MD : Oui, voilà. À part de jouer l’injustice et de se dire que ce n’est pas normal, il ne peut pas changer les gens en face. C’est pour ça que je dis que Nacer se retrouve vite dans une impasse, plus qu’une incompréhension, devant une injustice. Et à partir de là, il n’y a pas d’autre issue pour lui. Il prend un chemin parallèle plus que douteux qui va se retourner contre lui, mais puisque la méritocratie ne fonctionnera pas pour lui, il ne voit pas d’autres façons de s’en sortir. Donc il serait intéressant de questionner ce patron. Qu’est-ce qui l’empêche de promouvoir Nacer? Parce que visiblement, il est talentueux cet homme. Il travaille bien, il travaille même très bien. Qu’est-ce qui l’empêche, finalement, de le promouvoir? C’est pour ça que je disais que la question n’appartient pas à Nacer. Ce qui lui appartient, c’est de se retrouver face à un mur et de décider ce qu’il va en faire. Après, cette question de l’immigration, la peur, le racisme, la défiance, la méfiance, il ne peut que la subir.

Le personnage porte, je trouve, toute cette ambivalence que vous construisez avec les jeux de miroirs, les reflets en split screen. La mise en scène est particulièrement soignée, notamment la scène d’ouverture où, dans une lumière orangeâtre vaporeuse, une main flatte les contours d’une voiture de luxe, comme on caresse un rêve. L’homme semble le toucher du bout des doigts.
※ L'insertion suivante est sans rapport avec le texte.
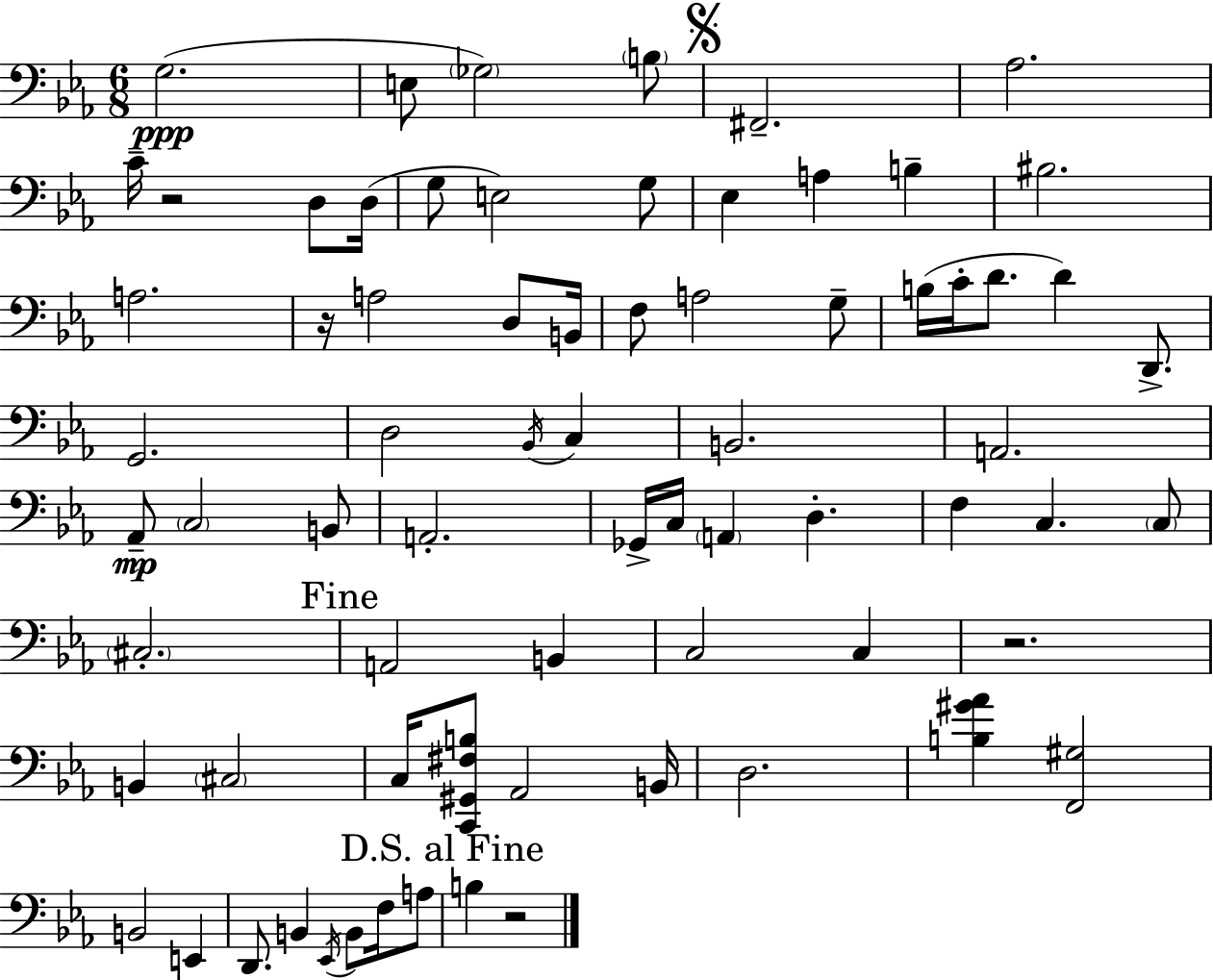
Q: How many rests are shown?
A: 4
Puis, la présence floue d’un concessionnaire automobile se révèle en arrière-plan et la lumière va basculer dans des teintes plus sombres quand ils vont pénétrer dans la voiture pour l’essayer. Au moyen d’un travelling avant, la caméra se resserre alors sur le personnage de Nacer comme un étau. À ce moment précis, enfermé dans l’habitacle par le cadre, son destin semble d’ores et déjà scellé en une seule scène. On sent rapidement qu’il court à sa perte et qu’on va assister à sa déchéance à la suite d’une succession de mauvais choix de vie. Ça m’a rappelé la scène d’ouverture d’A hero d’Asghar Farhadi (2021). Aviez-vous en tête dès le départ cette construction narrative qui laisse présager le sort du personnage sans aucun suspens?
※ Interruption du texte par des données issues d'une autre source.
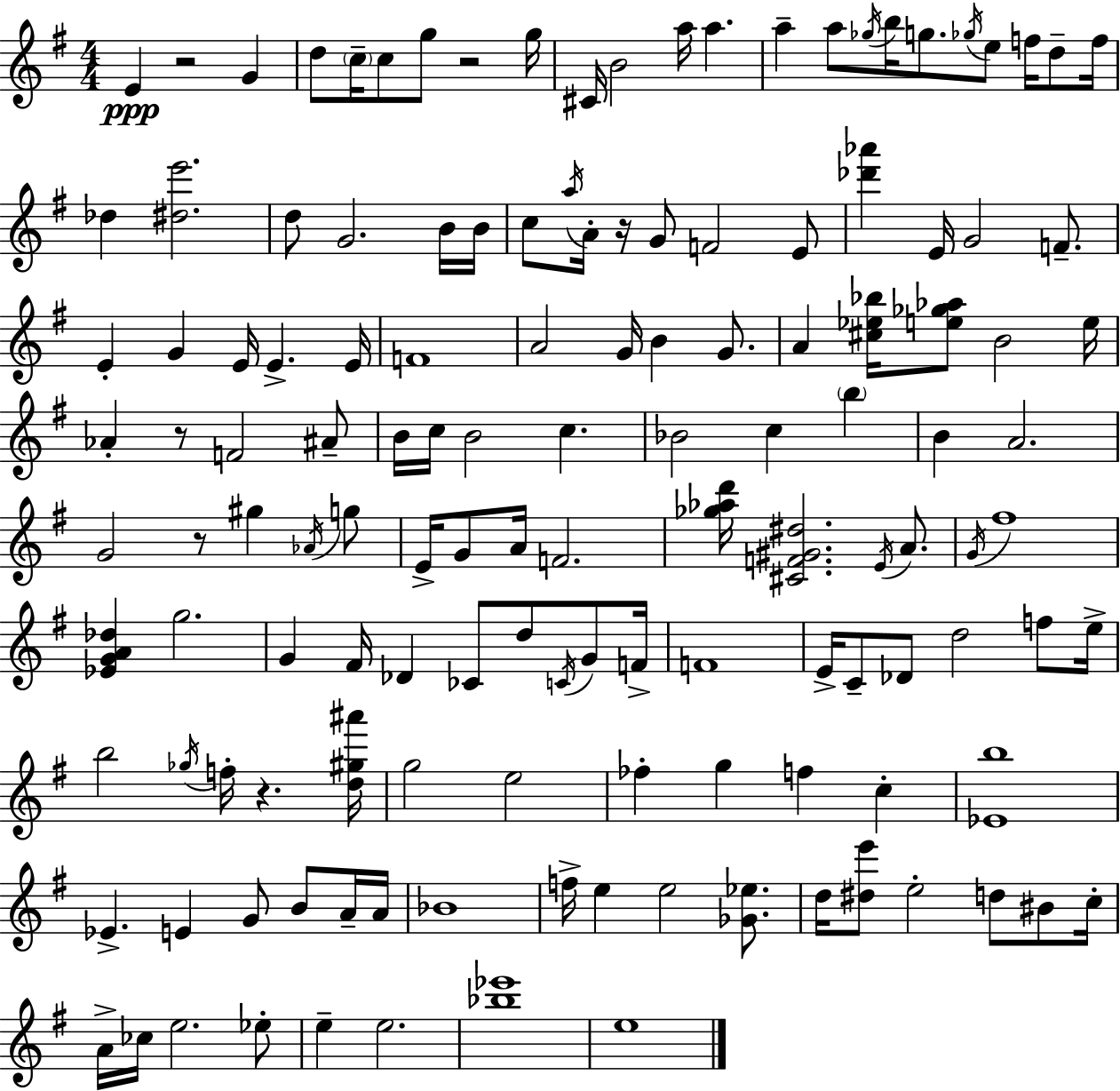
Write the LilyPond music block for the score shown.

{
  \clef treble
  \numericTimeSignature
  \time 4/4
  \key g \major
  \repeat volta 2 { e'4\ppp r2 g'4 | d''8 \parenthesize c''16-- c''8 g''8 r2 g''16 | cis'16 b'2 a''16 a''4. | a''4-- a''8 \acciaccatura { ges''16 } b''16 g''8. \acciaccatura { ges''16 } e''8 f''16 d''8-- | \break f''16 des''4 <dis'' e'''>2. | d''8 g'2. | b'16 b'16 c''8 \acciaccatura { a''16 } a'16-. r16 g'8 f'2 | e'8 <des''' aes'''>4 e'16 g'2 | \break f'8.-- e'4-. g'4 e'16 e'4.-> | e'16 f'1 | a'2 g'16 b'4 | g'8. a'4 <cis'' ees'' bes''>16 <e'' ges'' aes''>8 b'2 | \break e''16 aes'4-. r8 f'2 | ais'8-- b'16 c''16 b'2 c''4. | bes'2 c''4 \parenthesize b''4 | b'4 a'2. | \break g'2 r8 gis''4 | \acciaccatura { aes'16 } g''8 e'16-> g'8 a'16 f'2. | <ges'' aes'' d'''>16 <cis' f' gis' dis''>2. | \acciaccatura { e'16 } a'8. \acciaccatura { g'16 } fis''1 | \break <ees' g' a' des''>4 g''2. | g'4 fis'16 des'4 ces'8 | d''8 \acciaccatura { c'16 } g'8 f'16-> f'1 | e'16-> c'8-- des'8 d''2 | \break f''8 e''16-> b''2 \acciaccatura { ges''16 } | f''16-. r4. <d'' gis'' ais'''>16 g''2 | e''2 fes''4-. g''4 | f''4 c''4-. <ees' b''>1 | \break ees'4.-> e'4 | g'8 b'8 a'16-- a'16 bes'1 | f''16-> e''4 e''2 | <ges' ees''>8. d''16 <dis'' e'''>8 e''2-. | \break d''8 bis'8 c''16-. a'16-> ces''16 e''2. | ees''8-. e''4-- e''2. | <bes'' ees'''>1 | e''1 | \break } \bar "|."
}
MD : Oui. C’est drôle parce que cette scène-là, elle était présente dès le début. On a dû écrire 450 versions du scénario mais le film a toujours commencé par cette scène-là, précisément. C’était une certitude, puis une évidence, et ça fonctionne un peu comme un prologue. Je pense, comme tu dis, que ça nous annonce tout de suite les enjeux, puis ça nous signifie que c’est une tragédie ce film-là jusqu’à un certain point.
Complètement.

MD : Je pense que Nacer est déjà présenté comme un personnage tragique dans cette scène-là. On sent bien que ce rêve est une chimère et que c’est quelque chose qui va le perdre. Donc oui, c’était volontairement pensé et conçu comme ça. Après, durant le tournage, la main qui caresse la carrosserie, ce sont des choses qui se sont aussi construites avec Samir, avec les lieux qu’on avait.
SG : On parlait beaucoup de cette scène, je me rappelle. C’était un enjeu pour toi.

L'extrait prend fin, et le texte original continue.